Duas crianças, um menino de quatro anos e uma bebê de dois, foram retiradas de seus pais no município de Arroio Grande (RS) e entregues aos avós maternos. A decisão judicial, que afastou os pais das crianças após uma contraindicação de vacina, proíbe o contato familiar. A família contesta a guarda dos avós e alega uma série de abusos estatais no processo.

A última vez que os pais viram os filhos foi no dia 30 de janeiro, em uma visita assistida que durou apenas cinco minutos. Um desentendimento durante esse encontro culminou na suspensão do direito de visitas, a pedido do Ministério Público. A situação gerou grande comoção e questionamentos sobre os procedimentos adotados.

A defesa dos pais aponta diversas irregularidades e violações de direitos ao longo do processo. Enquanto a justiça mantém a decisão, a família busca meios legais para reverter a guarda e reencontrar seus filhos, em um caso que expõe as complexidades da intervenção estatal na vida familiar. Conforme informações próximas à família, os pais não concordam com a guarda dos avós e vão recorrer da decisão, mas permanecem proibidos de se aproximar das crianças.

Avós Maternos Assumem Guarda em Canguçu, a Três Horas de Distância

Os avós maternos, que residem em uma área rural de Canguçu (RS), tornaram-se os responsáveis legais pelas crianças. A nova residência fica a cerca de três horas de viagem da antiga moradia dos menores, o que dificulta ainda mais a possibilidade de contato, especialmente considerando as condições das estradas locais. O advogado Rodrigo Martins Soares, que anteriormente defendia os pais, destacou que os avós foram os responsáveis pela ação judicial que resultou na alienação das crianças.

Última Visita Interrompida e Acusações de Filmagens Ilegítimas

A última visita assistida ocorreu na manhã de 30 de janeiro, data do aniversário de dois anos da filha mais nova. Segundo o relato do abrigo municipal, a visita foi interrompida após um conselheiro tutelar supostamente flagrar um homem filmando a família, o que era expressamente vedado. A equipe do abrigo informou que a interrupção gerou “questionamentos, conduta verbal ofensiva e alteração comportamental por parte dos genitores”.

No entanto, uma fonte próxima à família apresenta uma versão distinta. Segundo essa fonte, a filmagem teria começado após um conselheiro tutelar iniciar uma agressão verbal ao influenciador digital Daniel Borges, que acompanhava o caso. O menino de quatro anos teria defendido os pais e a irmã, jogando terra no conselheiro para afastá-lo da mãe. A defesa dos pais também alega que a gravação foi iniciada após a agressão verbal.

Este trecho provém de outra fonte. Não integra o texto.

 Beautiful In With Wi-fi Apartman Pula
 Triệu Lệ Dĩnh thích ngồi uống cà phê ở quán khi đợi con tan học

Defesa dos Pais Aponta Violação de Direitos e Busca Recurso

O advogado Rodrigo Martins Soares relatou em vídeos a ocorrência de diversos abusos do Estado no processo, citando a violação de ao menos 50 dispositivos legais. Apesar das alegações, o prefeito de Arroio Grande, Neto Pereira, os vereadores e o governador do Rio Grande do Sul, Eduardo Leite, permanecem omissos. A defesa dos pais informou ter entrado com recurso em todas as decisões, impugnado laudos do Ministério Público, impetrado habeas corpus e pedido a suspeição do juiz, mas todos os pedidos foram negados.

Os advogados João Gilberto e Adriana Marra destacam a dificuldade em comprovar a versão dos pais, pois a proibição de gravar impede a produção de provas. Eles explicam que a casa de acolhimento e o Conselho Tutelar possuem “fé de ofício”, uma presunção de veracidade para seus atos, o que torna a contestação ainda mais desafiadora para a família.

Decisão Judicial e Suspensão do Direito de Visitas

A decisão judicial que suspendeu o direito de visitas cita a “necessidade de interrupção de visita externa, em razão de comportamento inadequado dos requeridos” e o pedido do Ministério Público pela “imediata suspensão do direito de visitas”. O juiz expressou surpresa com o pedido, considerando o comportamento exemplar dos pais anteriormente observado. A defesa dos pais alega que a versão oficial é sempre contestada pelas versões dos órgãos públicos, dificultando a comprovação dos fatos.